A series of configurationally restricted complexes of copper(II), zinc(II) and nickel(II), where the metal ion is coordinated to tris-macrocycles, were synthesised. Tris-macrocycles have the potential to show improved affinity for the CXCR4 receptor because the third macrocyclic ring can facilitate more interactions with the CXCR4 receptor than reported bis-macrocycles, due to the extra interactions possible with the aspartate rich receptor surface. Biological studies revealed the tris-macrocyclic series has high affinity for CXCR4. [Zn₃18] ⁶⁺ showed nanomolar activity with an IC₅₀ value of 0.84 nM, 14 times more potent than the FDA approved drug AMD3100. Another high affinity tris-macrocycle, [Zn₃19] ⁶⁺ showed an IC₅₀ value of 1.86 nM also significantly lower than ADM3100. The high affinity compounds, [Zn₃18] ⁶⁺ and [Zn₃19] ⁶⁺, were radiolabelled with ⁶⁴Cu via transmetalation. Crude-radiochemical yields (crude-RCY) of 79% and 62% were achieved for ⁶⁴CuZn₂[18] and ⁶⁴CuZn₂[19] respectively. The complexes were identified as strongly hydrophilic with calculated LogP values of -3.69 and -2.20 for ⁶⁴CuZn₂[18] and ⁶⁴CuZn₂[19] respectively.

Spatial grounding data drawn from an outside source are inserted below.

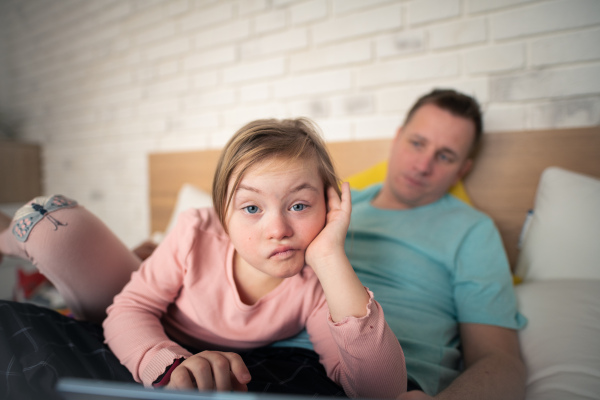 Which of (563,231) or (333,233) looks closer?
(333,233)

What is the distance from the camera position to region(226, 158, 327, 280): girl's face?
1.90ft

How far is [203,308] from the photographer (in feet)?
2.32

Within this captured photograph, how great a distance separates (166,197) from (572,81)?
6.19 feet

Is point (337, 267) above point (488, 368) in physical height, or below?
above

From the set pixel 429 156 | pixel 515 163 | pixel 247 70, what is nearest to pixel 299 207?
pixel 429 156

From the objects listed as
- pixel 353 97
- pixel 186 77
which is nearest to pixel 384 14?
pixel 353 97

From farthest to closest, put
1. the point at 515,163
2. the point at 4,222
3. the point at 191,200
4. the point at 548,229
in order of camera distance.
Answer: the point at 191,200 < the point at 515,163 < the point at 548,229 < the point at 4,222

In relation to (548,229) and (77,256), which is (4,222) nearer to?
(77,256)

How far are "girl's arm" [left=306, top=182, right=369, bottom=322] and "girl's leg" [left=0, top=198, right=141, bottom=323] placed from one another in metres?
0.48

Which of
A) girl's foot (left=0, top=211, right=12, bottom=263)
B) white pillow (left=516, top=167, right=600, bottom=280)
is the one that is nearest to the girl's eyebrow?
girl's foot (left=0, top=211, right=12, bottom=263)

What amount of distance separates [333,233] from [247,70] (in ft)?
4.51

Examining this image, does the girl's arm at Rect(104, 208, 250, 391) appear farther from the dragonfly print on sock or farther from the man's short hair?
the man's short hair

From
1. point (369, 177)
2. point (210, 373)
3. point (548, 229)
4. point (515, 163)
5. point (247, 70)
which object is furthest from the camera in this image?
point (247, 70)

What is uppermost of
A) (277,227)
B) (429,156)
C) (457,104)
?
(457,104) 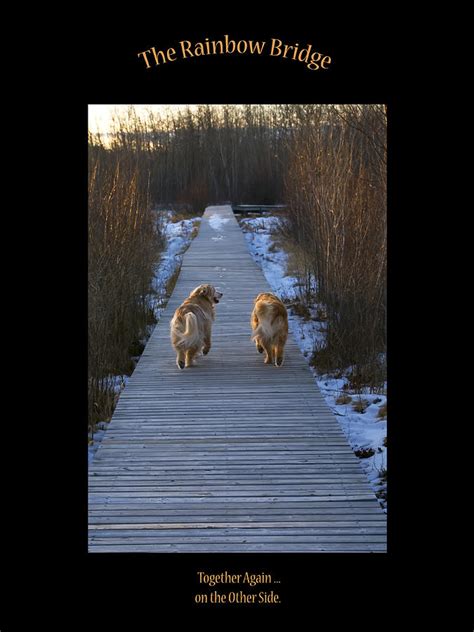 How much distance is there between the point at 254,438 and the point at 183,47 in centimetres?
281

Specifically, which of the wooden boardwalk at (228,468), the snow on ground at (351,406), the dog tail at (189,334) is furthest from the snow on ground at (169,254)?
the wooden boardwalk at (228,468)

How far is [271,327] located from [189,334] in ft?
2.48

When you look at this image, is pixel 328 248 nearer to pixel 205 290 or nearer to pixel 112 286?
pixel 205 290

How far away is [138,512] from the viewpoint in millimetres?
4062

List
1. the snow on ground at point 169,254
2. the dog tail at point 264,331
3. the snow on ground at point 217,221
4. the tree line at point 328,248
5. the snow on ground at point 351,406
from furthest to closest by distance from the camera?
the snow on ground at point 217,221, the snow on ground at point 169,254, the tree line at point 328,248, the dog tail at point 264,331, the snow on ground at point 351,406

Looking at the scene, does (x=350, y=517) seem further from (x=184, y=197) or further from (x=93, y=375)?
(x=184, y=197)

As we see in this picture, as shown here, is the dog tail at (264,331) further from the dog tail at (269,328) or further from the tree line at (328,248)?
the tree line at (328,248)

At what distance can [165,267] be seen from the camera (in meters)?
14.4

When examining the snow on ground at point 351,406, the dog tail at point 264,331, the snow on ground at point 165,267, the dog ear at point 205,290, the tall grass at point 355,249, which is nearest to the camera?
the snow on ground at point 351,406

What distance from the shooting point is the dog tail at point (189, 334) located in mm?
6680

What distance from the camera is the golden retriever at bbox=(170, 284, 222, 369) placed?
6766 mm

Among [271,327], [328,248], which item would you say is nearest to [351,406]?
[271,327]

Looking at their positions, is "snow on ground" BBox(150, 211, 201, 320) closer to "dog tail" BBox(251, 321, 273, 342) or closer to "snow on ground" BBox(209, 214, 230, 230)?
"snow on ground" BBox(209, 214, 230, 230)

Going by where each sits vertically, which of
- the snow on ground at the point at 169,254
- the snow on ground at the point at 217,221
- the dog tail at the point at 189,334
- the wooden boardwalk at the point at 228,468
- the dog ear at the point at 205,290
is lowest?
the wooden boardwalk at the point at 228,468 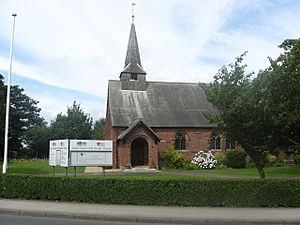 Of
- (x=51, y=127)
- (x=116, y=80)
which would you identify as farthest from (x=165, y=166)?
(x=51, y=127)

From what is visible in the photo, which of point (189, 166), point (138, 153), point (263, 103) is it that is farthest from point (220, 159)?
point (263, 103)

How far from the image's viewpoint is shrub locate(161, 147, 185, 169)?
4397cm

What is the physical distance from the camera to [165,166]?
44125 millimetres

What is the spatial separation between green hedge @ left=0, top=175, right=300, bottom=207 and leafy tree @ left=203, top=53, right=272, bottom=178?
17.6 ft

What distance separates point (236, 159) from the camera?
143ft

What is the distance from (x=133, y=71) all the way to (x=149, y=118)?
21.5ft

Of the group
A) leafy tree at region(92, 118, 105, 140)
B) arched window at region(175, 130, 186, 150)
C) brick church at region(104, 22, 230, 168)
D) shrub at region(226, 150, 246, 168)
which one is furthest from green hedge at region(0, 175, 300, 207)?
leafy tree at region(92, 118, 105, 140)

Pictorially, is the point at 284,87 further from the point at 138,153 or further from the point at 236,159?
the point at 138,153

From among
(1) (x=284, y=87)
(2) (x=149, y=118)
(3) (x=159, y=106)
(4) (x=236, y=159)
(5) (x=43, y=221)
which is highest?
(3) (x=159, y=106)

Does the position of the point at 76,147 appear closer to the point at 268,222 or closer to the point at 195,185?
the point at 195,185

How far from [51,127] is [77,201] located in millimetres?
60655

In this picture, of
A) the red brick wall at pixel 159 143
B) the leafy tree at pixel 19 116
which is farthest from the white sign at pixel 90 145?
the leafy tree at pixel 19 116

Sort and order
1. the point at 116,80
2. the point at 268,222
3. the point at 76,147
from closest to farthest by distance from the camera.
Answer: the point at 268,222 < the point at 76,147 < the point at 116,80

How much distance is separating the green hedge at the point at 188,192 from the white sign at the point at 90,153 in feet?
22.2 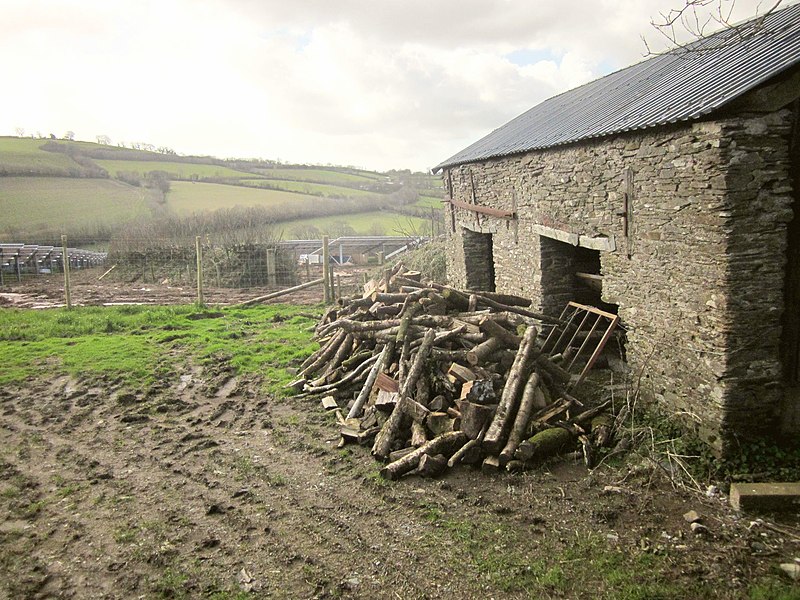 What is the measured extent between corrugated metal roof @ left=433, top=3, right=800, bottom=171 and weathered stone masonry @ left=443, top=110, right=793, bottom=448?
0.98 ft

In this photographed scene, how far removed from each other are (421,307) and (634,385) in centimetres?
381

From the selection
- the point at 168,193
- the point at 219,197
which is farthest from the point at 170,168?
the point at 219,197

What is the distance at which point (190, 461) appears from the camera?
774cm

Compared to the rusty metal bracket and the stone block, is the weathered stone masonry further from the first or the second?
the rusty metal bracket

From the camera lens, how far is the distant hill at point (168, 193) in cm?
3550

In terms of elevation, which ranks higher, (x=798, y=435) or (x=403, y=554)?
(x=798, y=435)

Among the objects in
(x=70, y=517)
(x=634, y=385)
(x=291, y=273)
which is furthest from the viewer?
(x=291, y=273)

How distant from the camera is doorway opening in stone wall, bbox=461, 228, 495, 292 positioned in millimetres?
15141

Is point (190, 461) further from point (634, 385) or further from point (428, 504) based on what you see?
point (634, 385)

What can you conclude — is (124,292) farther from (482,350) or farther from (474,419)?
(474,419)

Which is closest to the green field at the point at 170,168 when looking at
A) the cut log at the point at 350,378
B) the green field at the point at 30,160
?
the green field at the point at 30,160

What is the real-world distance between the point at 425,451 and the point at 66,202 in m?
39.2

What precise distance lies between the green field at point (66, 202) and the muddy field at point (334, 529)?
31.0 meters

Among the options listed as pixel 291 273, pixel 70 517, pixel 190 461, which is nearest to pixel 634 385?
pixel 190 461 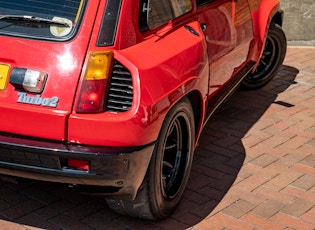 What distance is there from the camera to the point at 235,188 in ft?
15.2

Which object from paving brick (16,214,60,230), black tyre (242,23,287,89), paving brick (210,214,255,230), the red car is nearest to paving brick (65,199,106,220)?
paving brick (16,214,60,230)

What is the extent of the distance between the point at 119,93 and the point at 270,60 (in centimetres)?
377

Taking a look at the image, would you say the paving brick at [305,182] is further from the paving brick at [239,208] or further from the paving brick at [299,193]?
the paving brick at [239,208]

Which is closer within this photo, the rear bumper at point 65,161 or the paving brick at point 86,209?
the rear bumper at point 65,161

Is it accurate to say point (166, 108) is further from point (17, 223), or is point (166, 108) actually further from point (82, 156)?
point (17, 223)

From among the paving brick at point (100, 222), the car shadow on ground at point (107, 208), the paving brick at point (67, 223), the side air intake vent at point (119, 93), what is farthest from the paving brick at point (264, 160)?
the side air intake vent at point (119, 93)

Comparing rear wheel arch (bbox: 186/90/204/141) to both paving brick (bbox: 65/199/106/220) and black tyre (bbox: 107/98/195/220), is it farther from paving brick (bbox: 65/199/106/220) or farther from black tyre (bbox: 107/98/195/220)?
paving brick (bbox: 65/199/106/220)

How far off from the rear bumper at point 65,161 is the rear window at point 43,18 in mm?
597

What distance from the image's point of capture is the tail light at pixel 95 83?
3.43 metres

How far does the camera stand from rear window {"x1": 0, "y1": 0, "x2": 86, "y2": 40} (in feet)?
11.7

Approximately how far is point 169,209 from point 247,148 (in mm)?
1427

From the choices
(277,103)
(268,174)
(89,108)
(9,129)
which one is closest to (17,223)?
(9,129)

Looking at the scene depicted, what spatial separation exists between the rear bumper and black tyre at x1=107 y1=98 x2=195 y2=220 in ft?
0.82

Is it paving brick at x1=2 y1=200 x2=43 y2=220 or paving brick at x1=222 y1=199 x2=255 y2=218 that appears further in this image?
paving brick at x1=222 y1=199 x2=255 y2=218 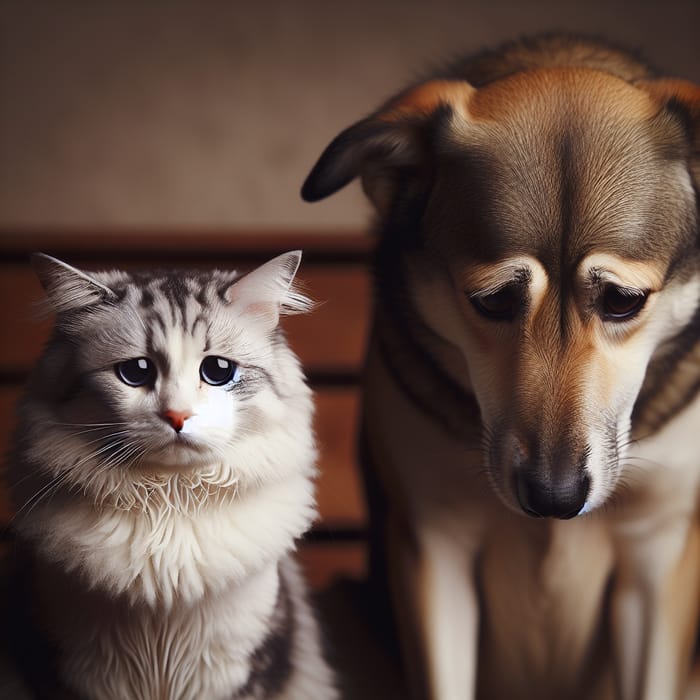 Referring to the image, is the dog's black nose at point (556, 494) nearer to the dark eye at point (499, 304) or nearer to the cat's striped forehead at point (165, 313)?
the dark eye at point (499, 304)

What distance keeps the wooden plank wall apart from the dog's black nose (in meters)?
0.71

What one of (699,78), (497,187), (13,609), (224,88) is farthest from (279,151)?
(13,609)

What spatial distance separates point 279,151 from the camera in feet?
5.04

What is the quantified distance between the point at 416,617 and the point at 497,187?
15.9 inches

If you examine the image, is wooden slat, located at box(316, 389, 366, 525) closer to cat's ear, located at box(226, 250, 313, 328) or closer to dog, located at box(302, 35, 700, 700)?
dog, located at box(302, 35, 700, 700)

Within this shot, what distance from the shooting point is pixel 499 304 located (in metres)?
0.73

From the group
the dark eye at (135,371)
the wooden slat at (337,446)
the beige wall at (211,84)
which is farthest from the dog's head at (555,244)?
the beige wall at (211,84)

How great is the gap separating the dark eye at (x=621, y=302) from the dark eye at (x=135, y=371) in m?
0.34

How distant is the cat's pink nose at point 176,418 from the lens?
1.98ft

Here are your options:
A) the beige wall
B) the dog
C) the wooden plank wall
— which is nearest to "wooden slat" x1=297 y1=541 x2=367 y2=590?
the wooden plank wall

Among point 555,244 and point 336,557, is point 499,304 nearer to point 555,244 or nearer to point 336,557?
point 555,244

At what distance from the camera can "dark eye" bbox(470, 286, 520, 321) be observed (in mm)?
715

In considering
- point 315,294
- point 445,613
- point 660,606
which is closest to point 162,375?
point 445,613

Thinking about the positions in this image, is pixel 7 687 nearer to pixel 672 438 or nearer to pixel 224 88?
pixel 672 438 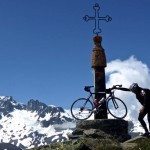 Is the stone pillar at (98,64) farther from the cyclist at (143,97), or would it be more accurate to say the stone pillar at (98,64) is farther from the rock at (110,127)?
the cyclist at (143,97)

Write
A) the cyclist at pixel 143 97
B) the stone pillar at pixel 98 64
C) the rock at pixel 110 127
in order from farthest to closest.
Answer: the stone pillar at pixel 98 64, the rock at pixel 110 127, the cyclist at pixel 143 97

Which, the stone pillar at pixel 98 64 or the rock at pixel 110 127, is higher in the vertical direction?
the stone pillar at pixel 98 64

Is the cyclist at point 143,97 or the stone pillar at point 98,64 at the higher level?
the stone pillar at point 98,64

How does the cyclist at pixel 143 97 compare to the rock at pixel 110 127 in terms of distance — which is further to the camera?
the rock at pixel 110 127

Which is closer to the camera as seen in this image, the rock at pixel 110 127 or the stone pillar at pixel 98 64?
the rock at pixel 110 127

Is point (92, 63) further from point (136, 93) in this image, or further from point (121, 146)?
point (121, 146)

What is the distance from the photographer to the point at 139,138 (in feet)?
63.5

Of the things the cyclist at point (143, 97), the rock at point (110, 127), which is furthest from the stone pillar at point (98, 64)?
the cyclist at point (143, 97)

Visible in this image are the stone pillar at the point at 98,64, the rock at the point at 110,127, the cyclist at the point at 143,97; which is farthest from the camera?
the stone pillar at the point at 98,64

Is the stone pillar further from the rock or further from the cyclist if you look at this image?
the cyclist

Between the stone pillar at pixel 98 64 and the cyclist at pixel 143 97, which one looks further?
the stone pillar at pixel 98 64

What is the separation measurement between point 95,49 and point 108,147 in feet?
30.2

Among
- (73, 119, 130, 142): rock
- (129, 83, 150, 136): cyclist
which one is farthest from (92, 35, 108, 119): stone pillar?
(129, 83, 150, 136): cyclist

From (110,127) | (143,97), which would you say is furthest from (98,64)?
(143,97)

A series of rigidified bis-macrocycle copper(II) and zinc(II) complexes were synthesised and explored as imaging agents. Routes to incorporate ¹⁸F and ⁶⁸Ga into the bis-macrocycles for applications in PET imaging were explored. Mono-macrocycles were synthesised and used in a series of test reactions to evaluate a range of pendant arm functionalisations including nitro, amine, azide and alkyne. Subsequently, azide functionalised rigidified bis-macrocycle copper(II) and zinc(II) complexes for use in copper-free click reactions were synthesised which provided an effective route to incorporate ¹⁸F into macrocycles. Biological studies identified that the functionalised bis-macrocycle complexes showed high affinity towards the CXCR4 receptor. The key compound was [Zn₂32] ⁴⁺ which showed IC₅₀ values of 3.22 nM, more than 3 times lower than AMD3100.

A series of surface plasmon resonance (SPR) experiments were conducted to develop a method to determine the residence time of macrocycles on the CXCR4 receptor. A range of approaches, such as intact cell immobilisation, intact cell capture and receptor capture, were studied but all methods had drawbacks therefore association and dissociation rates of macrocycles and the CXCR4 receptor were not ascertained.

This work highlights important steps towards the diagnosis of CXCR4 expressing cancers with the use of highly stable tris-macroycles. Furthermore, initial steps to incorporate the most readily available radioisotope, ¹⁸F, into macrocycles have been identified. Progress towards the development of high affinity, anti-metastatic therapeutic agents, in CXCR4 expressing cancers, has been made with the synthesis and in vitro evaluation of configurationally restricted tris-macrocycle metal complexes. Key compounds in this series were [Zn₃18] ⁶⁺ and [Zn₃19] ⁶⁺ which showed significantly better affinity for the CXCR4 receptor than AMD3100 and low toxicity.